--- SOURCE MATERIAL ---
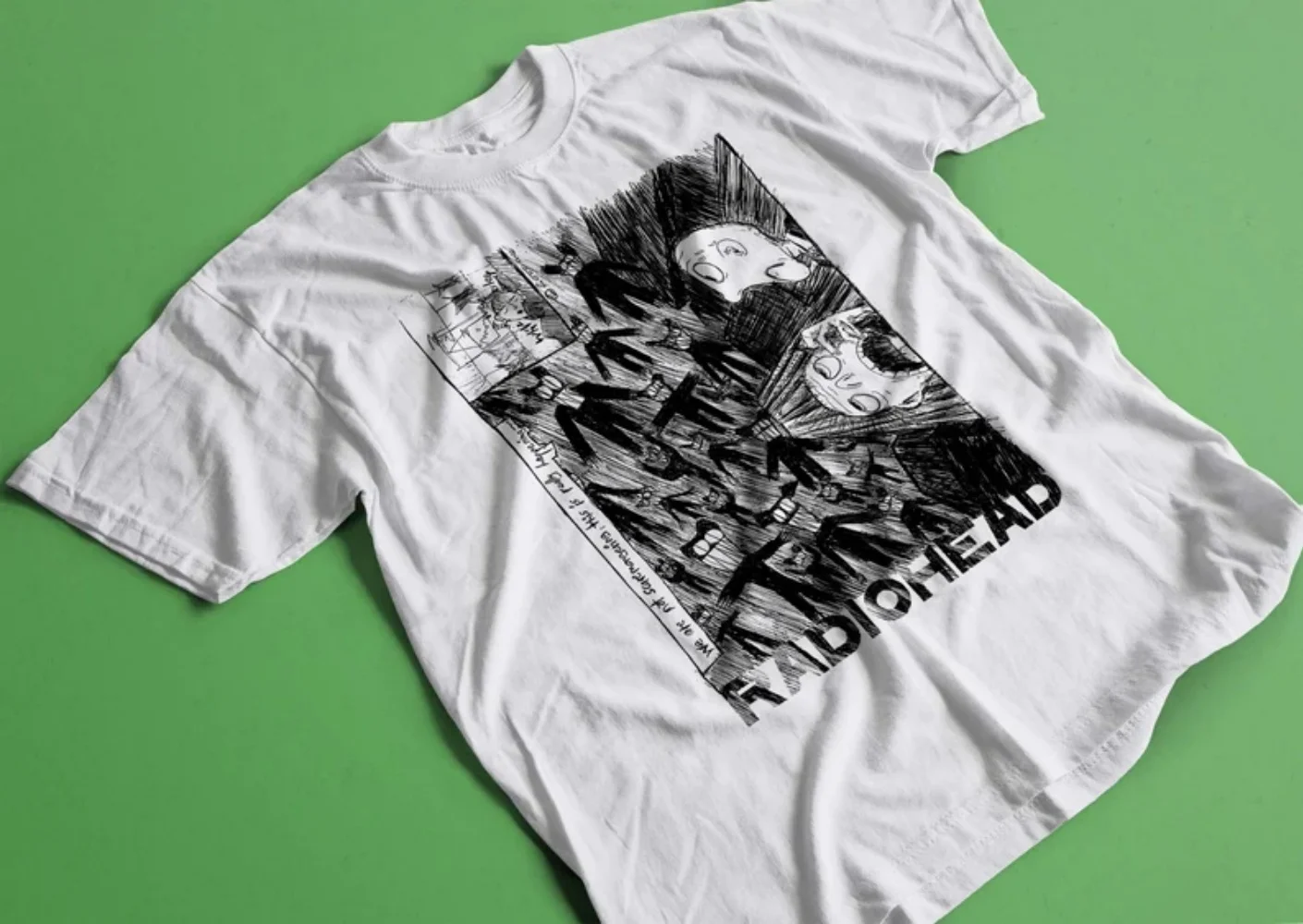 

RADIOHEAD SCRIBBLE 2000 White Retro T-shirt – Vintage scribble print, nods to the band’s 2000-era vibe for fan outfits or gigs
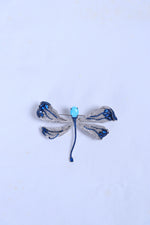 Blue and silver bow rhinestone brooch with light-blue center bead and blue ties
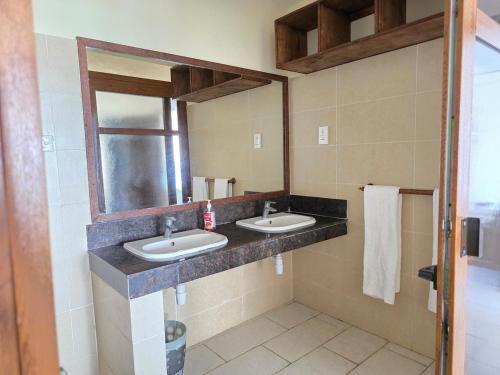 a bathroom with two sinks and a mirror at Chic two bedroom Beachfront apartment 5th floor in Ukunda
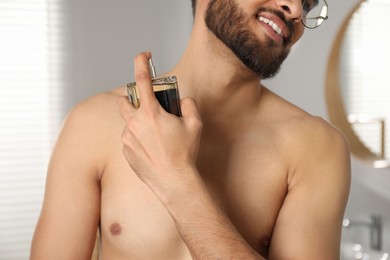 Photo of Young man spraying luxury perfume indoors, closeup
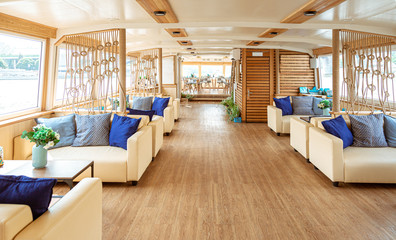 The interior of the urban river ship, with a panoramic view of the urban landscape. The concept of tourism, recreation, walking around the city, rest in the city. River transport.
---
PROBLEM DESCRIPTION:
With the pictures left aside, write out all of the records above exactly.

ANSWER BOX:
RADIOHEAD SCRIBBLE 2000 White Retro T-shirt – Vintage scribble print, nods to the band’s 2000-era vibe for fan outfits or gigs
 Blue and silver bow rhinestone brooch with light-blue center bead and blue ties
 a bathroom with two sinks and a mirror at Chic two bedroom Beachfront apartment 5th floor in Ukunda
 Photo of Young man spraying luxury perfume indoors, closeup
 The interior of the urban river ship, with a panoramic view of the urban landscape. The concept of tourism, recreation, walking around the city, rest in the city. River transport.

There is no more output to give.